=== PROVIDED MATERIAL ===
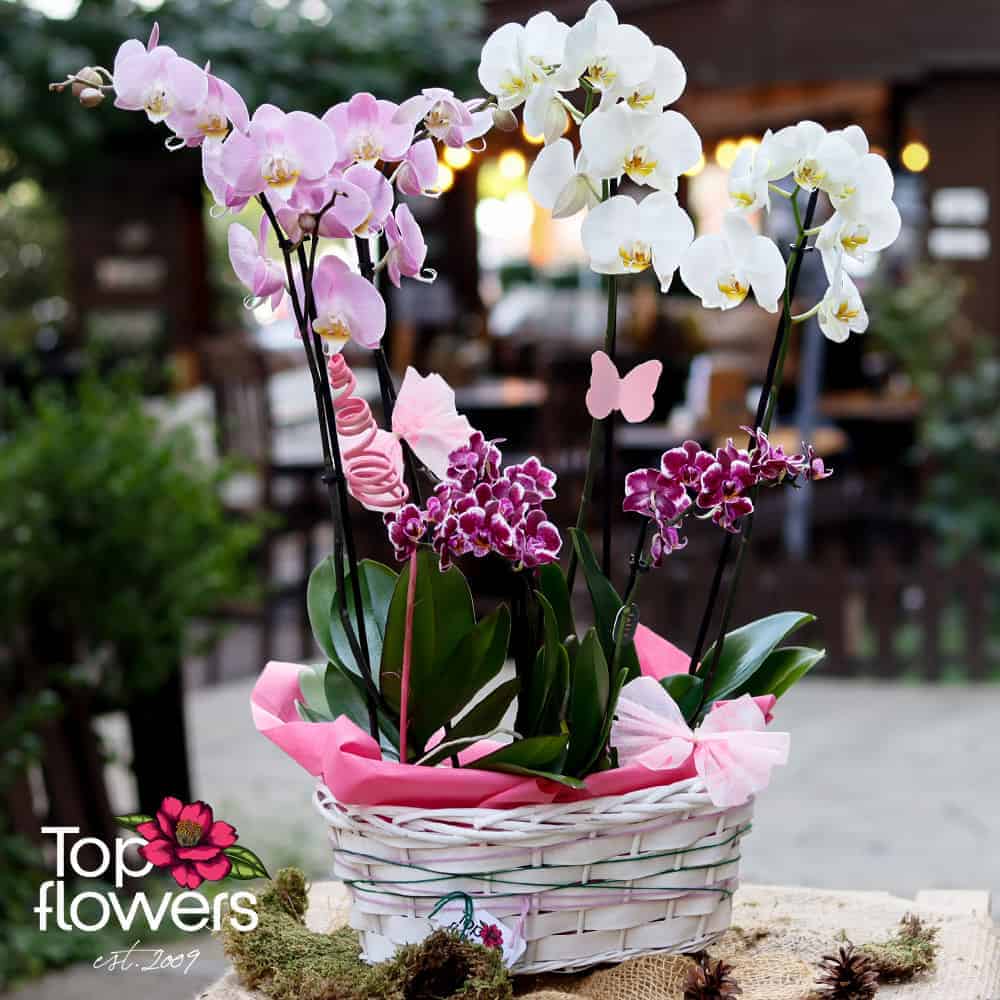 White Elegance with Orchids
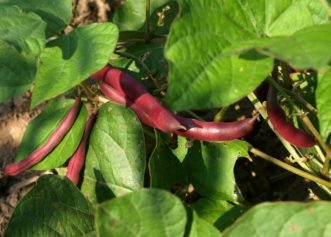 The Red Swan bush bean has deep rose-purple pods that turn bright green when cooked.
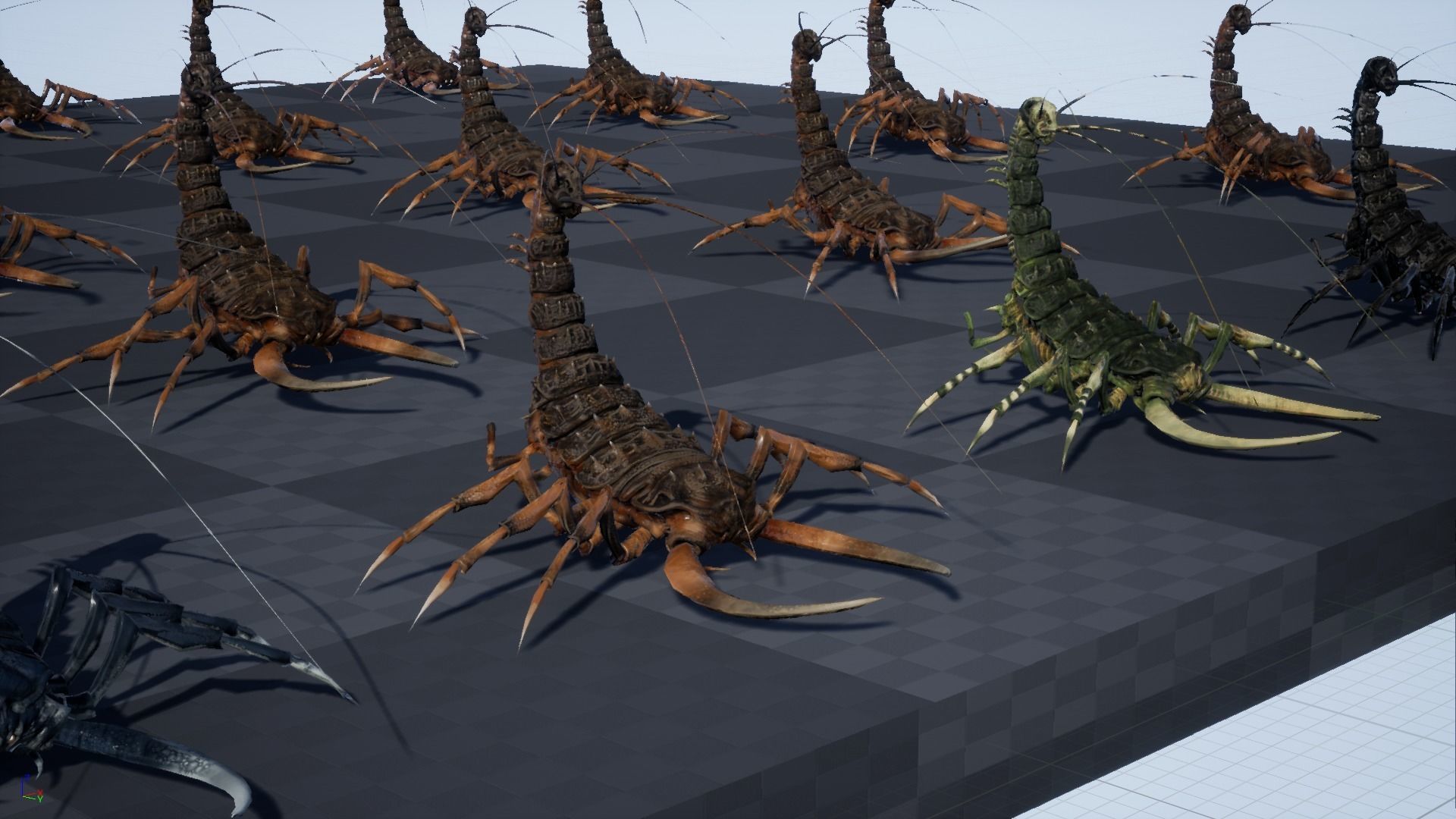 LandBug4 shrimp Low-poly 3D model_6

=== WHAT YOU HAVE TO DO ===
Reproduce, exactly and with no pictures, the lines from the line containing "The Red Swan" through the closing line of the data above, keeping both ends.

=== RESPONSE FOR THIS EXERCISE ===
 The Red Swan bush bean has deep rose-purple pods that turn bright green when cooked.
 LandBug4 shrimp Low-poly 3D model_6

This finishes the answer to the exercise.